→ Your objective
Please find the line that holds "AlohaCamp Pokój 3-osobowy 3" below and reproduce it, along with every line after it through the end, exactly and without pictures.

→ Data to examine
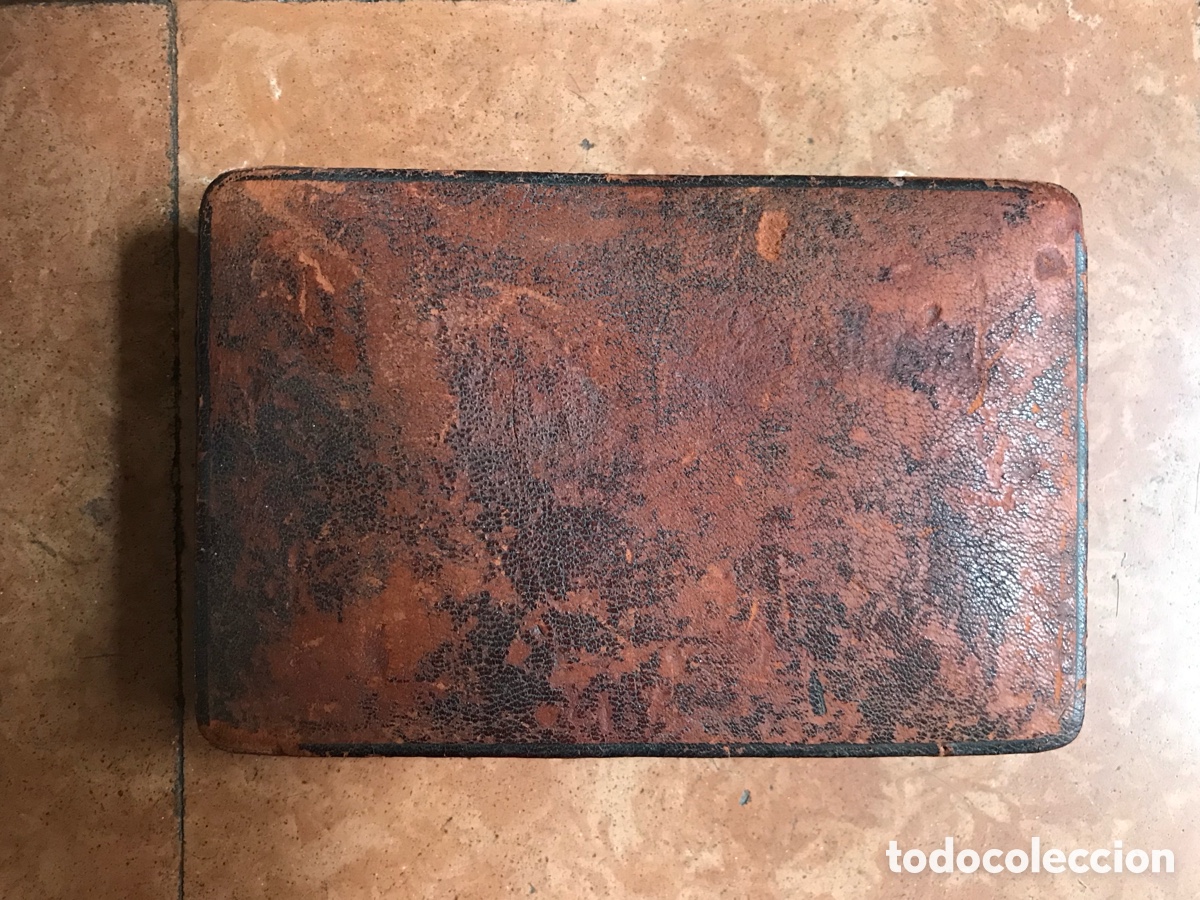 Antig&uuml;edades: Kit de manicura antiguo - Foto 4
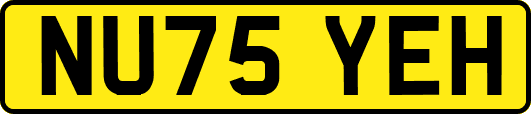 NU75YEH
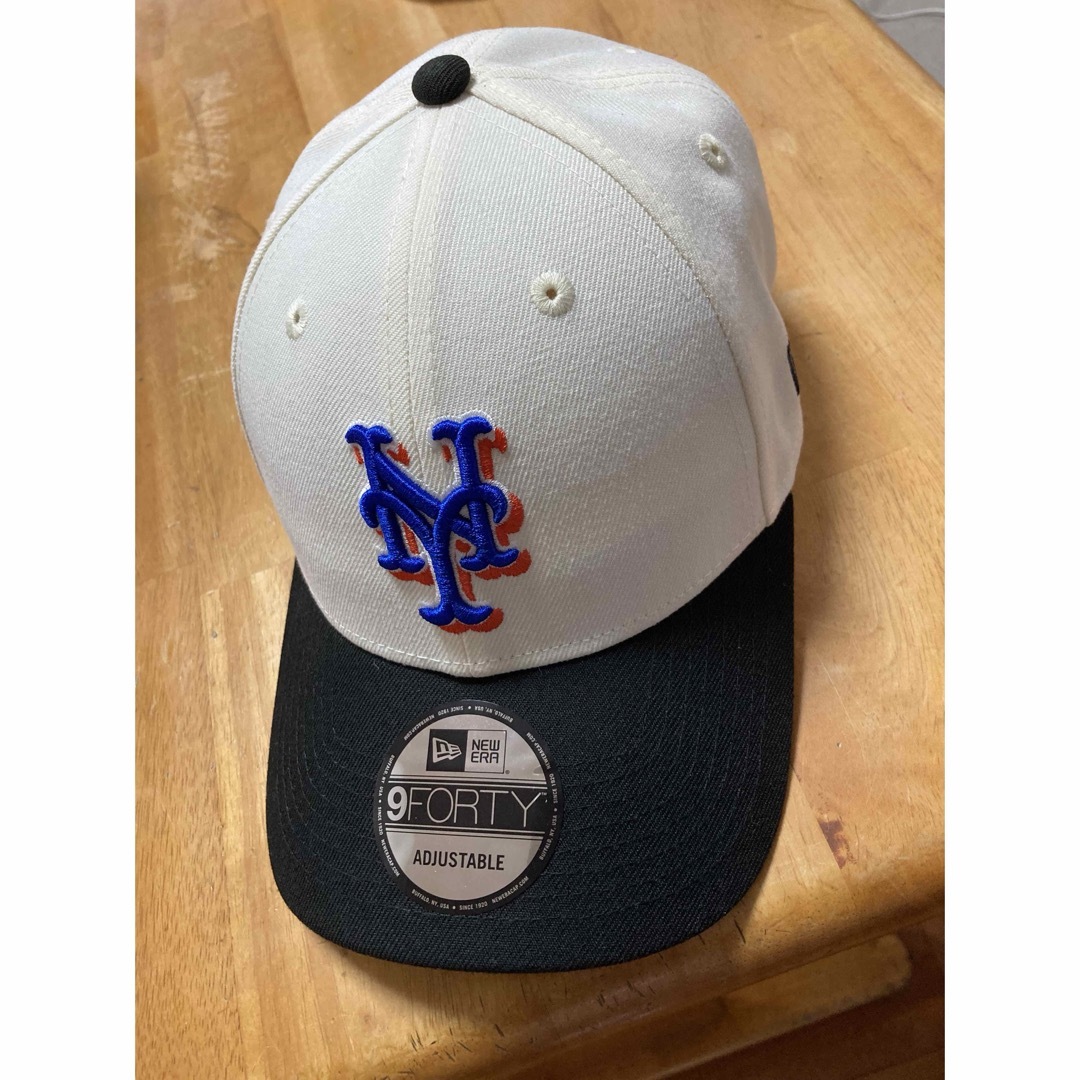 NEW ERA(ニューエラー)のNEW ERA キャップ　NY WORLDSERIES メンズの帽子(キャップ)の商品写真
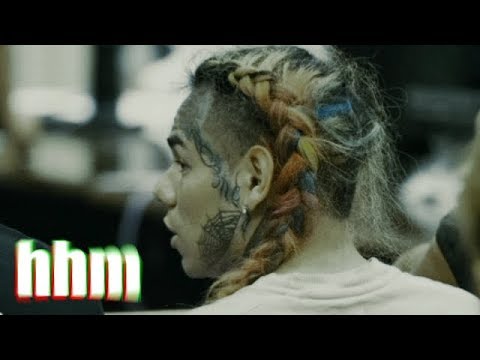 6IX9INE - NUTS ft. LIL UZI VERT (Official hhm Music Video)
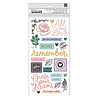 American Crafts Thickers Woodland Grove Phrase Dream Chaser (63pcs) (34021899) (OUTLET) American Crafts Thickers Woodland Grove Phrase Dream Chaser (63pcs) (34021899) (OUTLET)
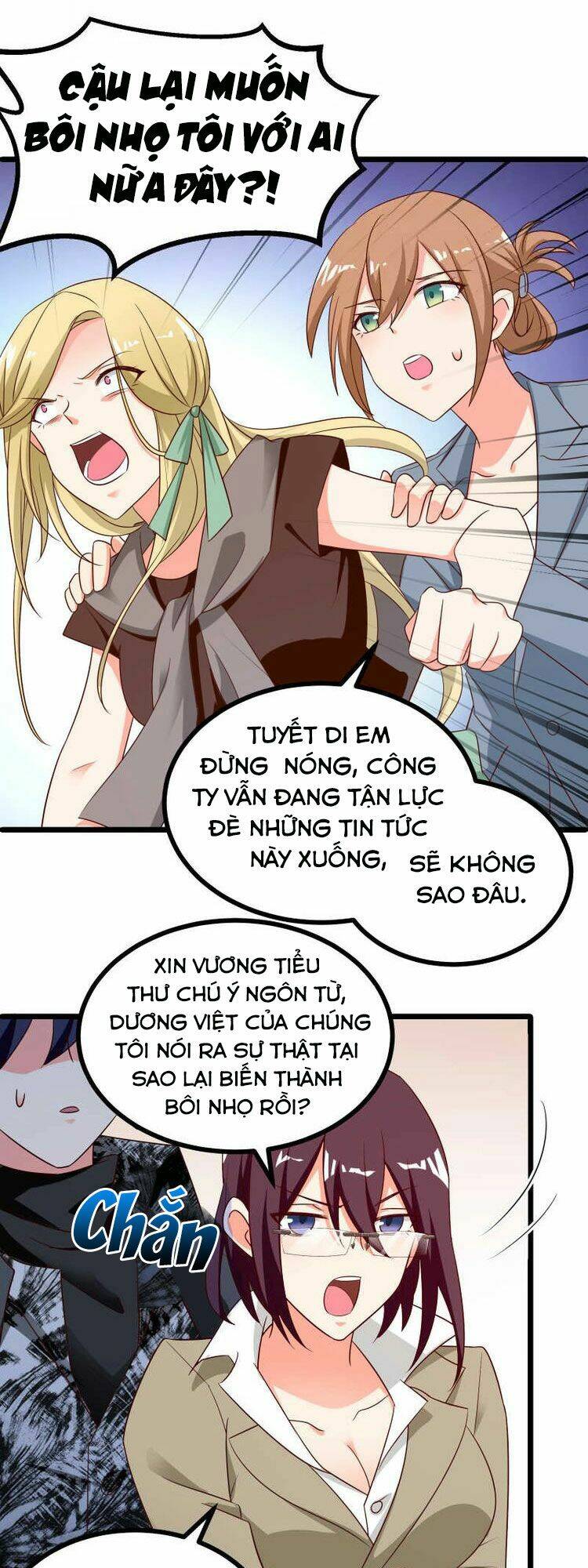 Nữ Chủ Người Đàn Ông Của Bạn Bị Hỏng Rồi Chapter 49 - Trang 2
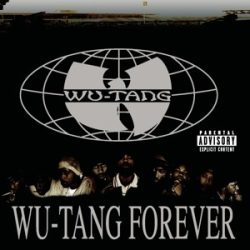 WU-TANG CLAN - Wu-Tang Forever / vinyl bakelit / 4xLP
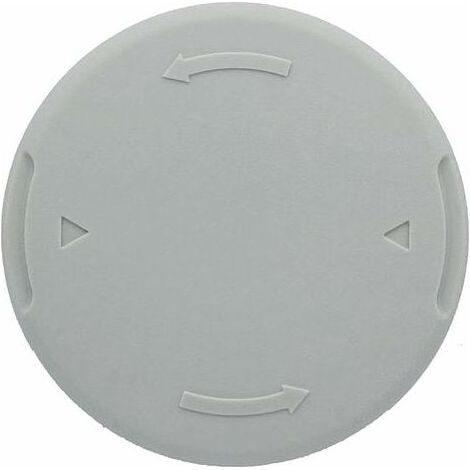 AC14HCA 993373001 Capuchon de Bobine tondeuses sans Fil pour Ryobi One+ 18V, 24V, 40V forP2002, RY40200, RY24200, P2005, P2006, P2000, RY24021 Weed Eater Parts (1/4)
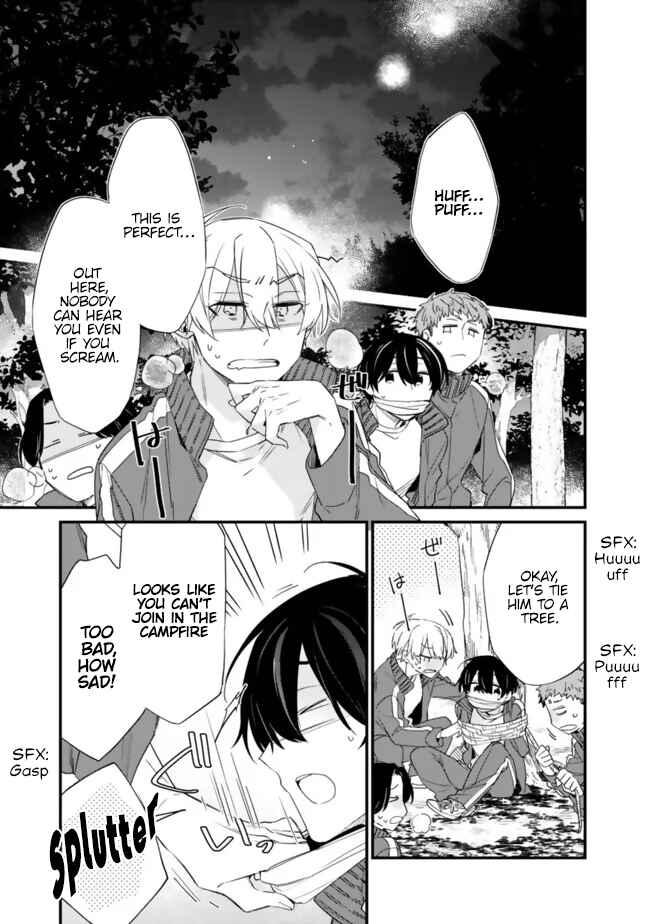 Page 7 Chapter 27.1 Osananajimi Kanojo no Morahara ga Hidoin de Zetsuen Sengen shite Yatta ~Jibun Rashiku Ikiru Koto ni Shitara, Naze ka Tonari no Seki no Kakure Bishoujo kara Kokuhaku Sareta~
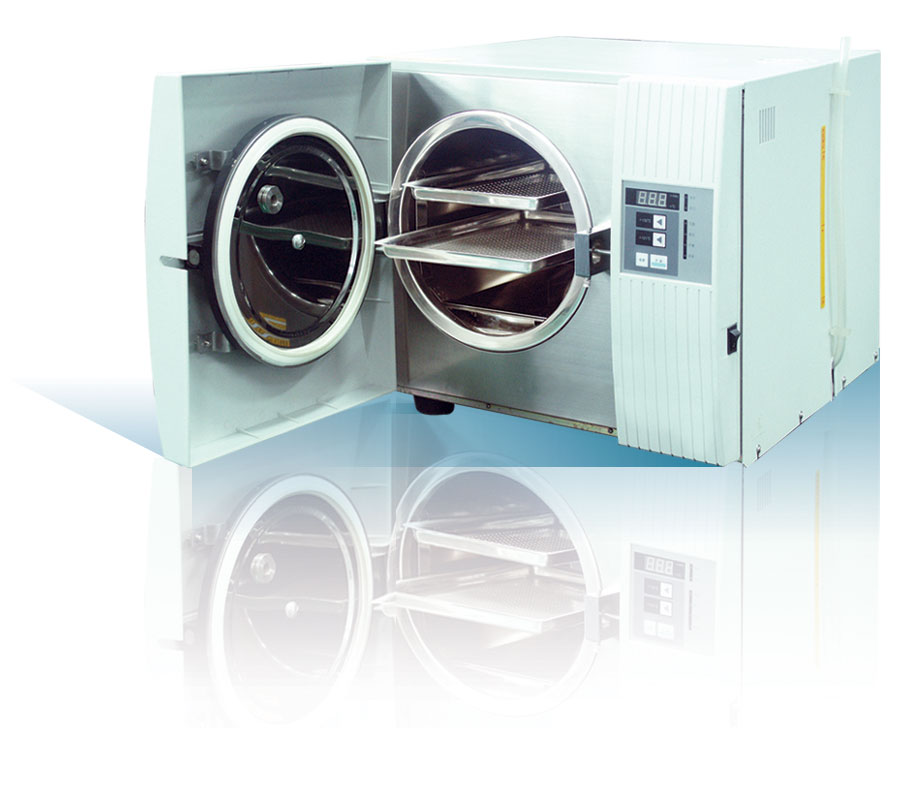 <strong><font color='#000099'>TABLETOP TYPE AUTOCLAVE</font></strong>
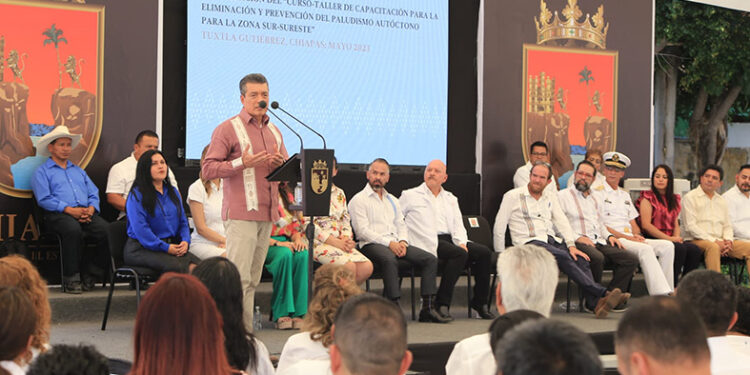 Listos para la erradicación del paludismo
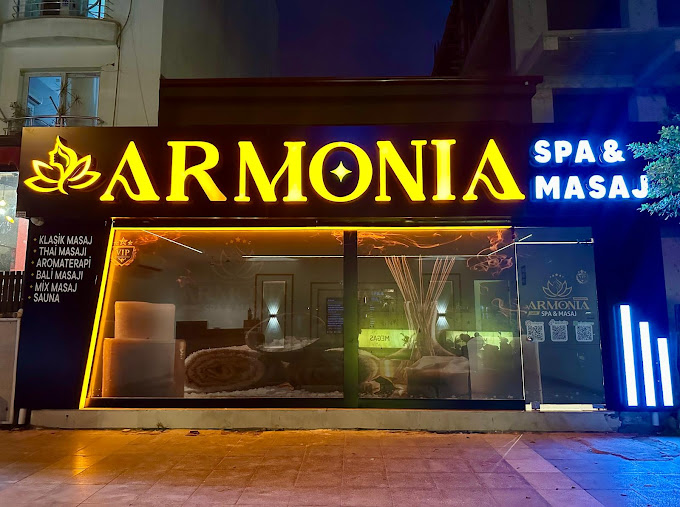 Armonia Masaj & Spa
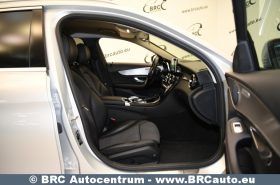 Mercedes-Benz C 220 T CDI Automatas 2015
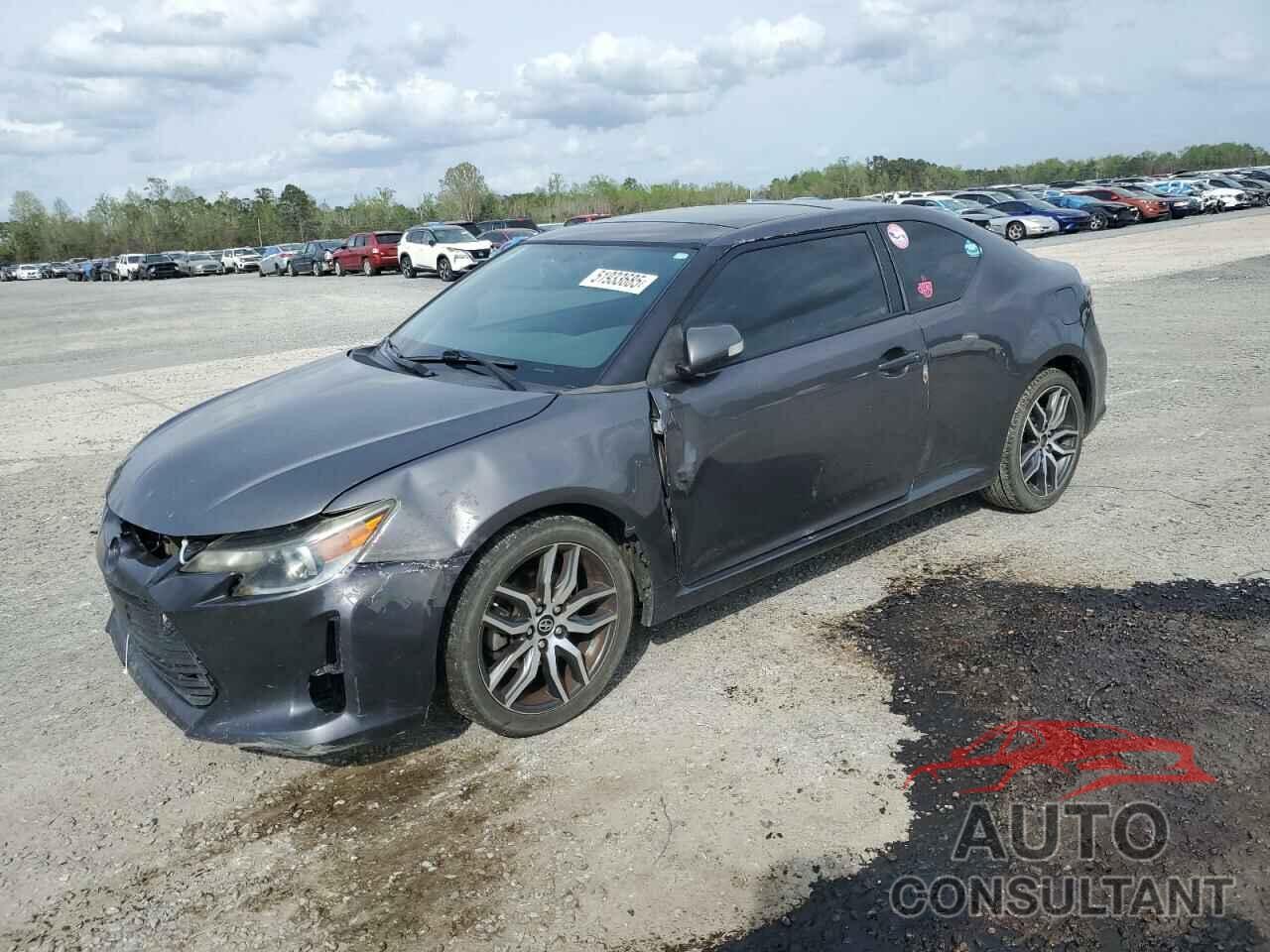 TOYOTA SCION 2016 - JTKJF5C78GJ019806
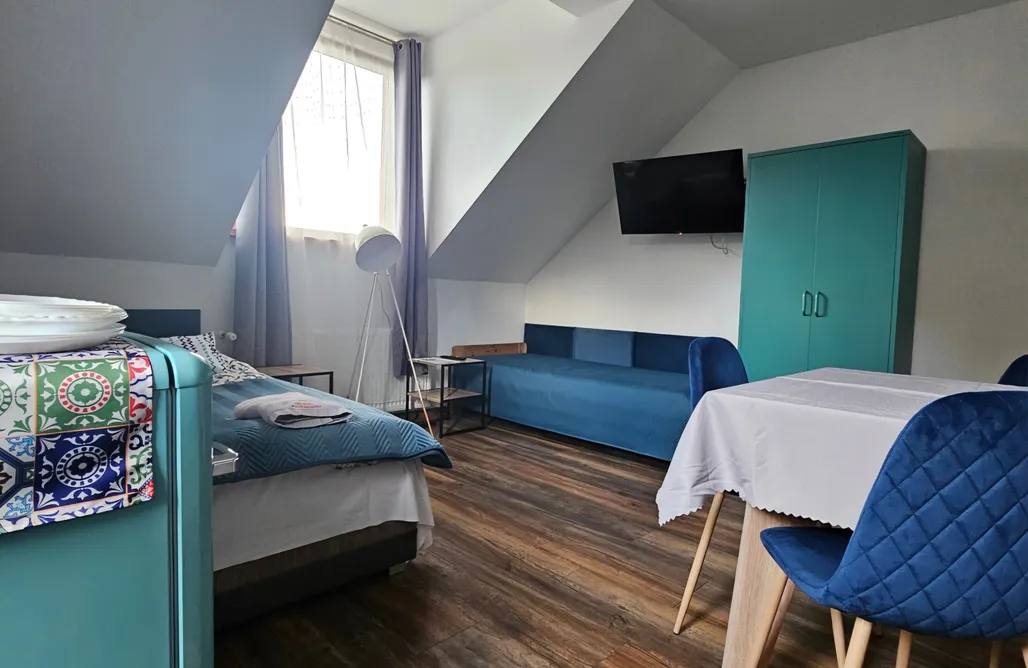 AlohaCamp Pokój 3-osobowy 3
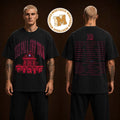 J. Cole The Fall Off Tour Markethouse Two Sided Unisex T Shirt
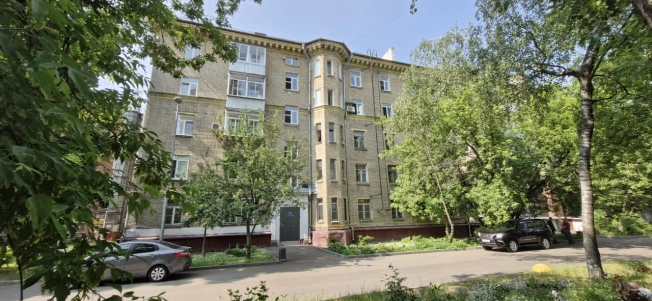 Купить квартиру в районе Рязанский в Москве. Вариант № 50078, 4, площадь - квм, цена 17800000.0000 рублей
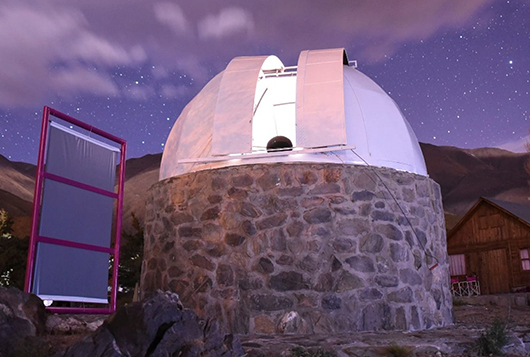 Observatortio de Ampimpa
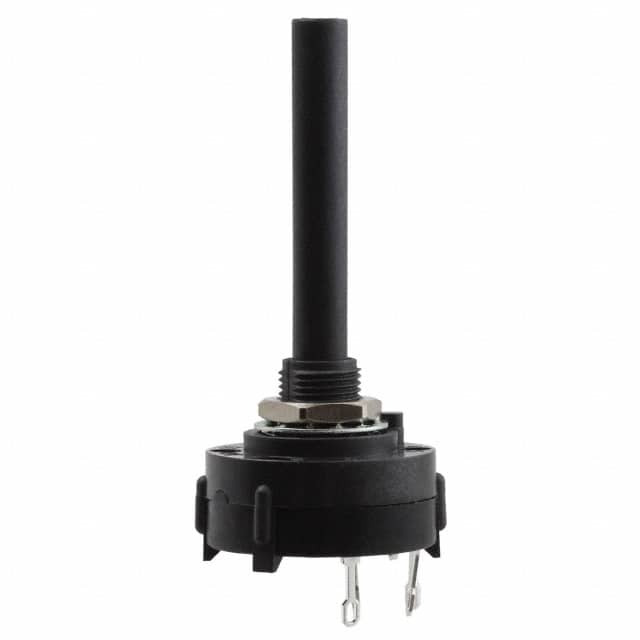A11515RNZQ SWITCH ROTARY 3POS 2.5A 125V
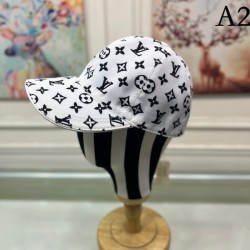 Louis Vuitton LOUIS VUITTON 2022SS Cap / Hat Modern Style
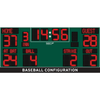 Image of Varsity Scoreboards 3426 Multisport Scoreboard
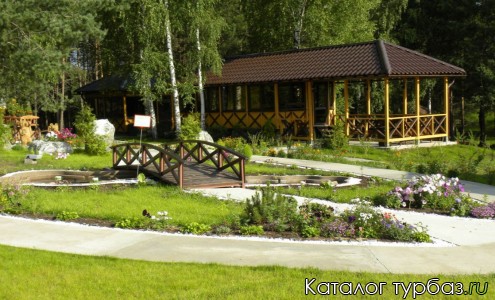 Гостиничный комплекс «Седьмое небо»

→ Answer space
 AlohaCamp Pokój 3-osobowy 3
 J. Cole The Fall Off Tour Markethouse Two Sided Unisex T Shirt
 Купить квартиру в районе Рязанский в Москве. Вариант № 50078, 4, площадь - квм, цена 17800000.0000 рублей
 Observatortio de Ampimpa
A11515RNZQ SWITCH ROTARY 3POS 2.5A 125V
 Louis Vuitton LOUIS VUITTON 2022SS Cap / Hat Modern Style
 Image of Varsity Scoreboards 3426 Multisport Scoreboard
 Гостиничный комплекс «Седьмое небо»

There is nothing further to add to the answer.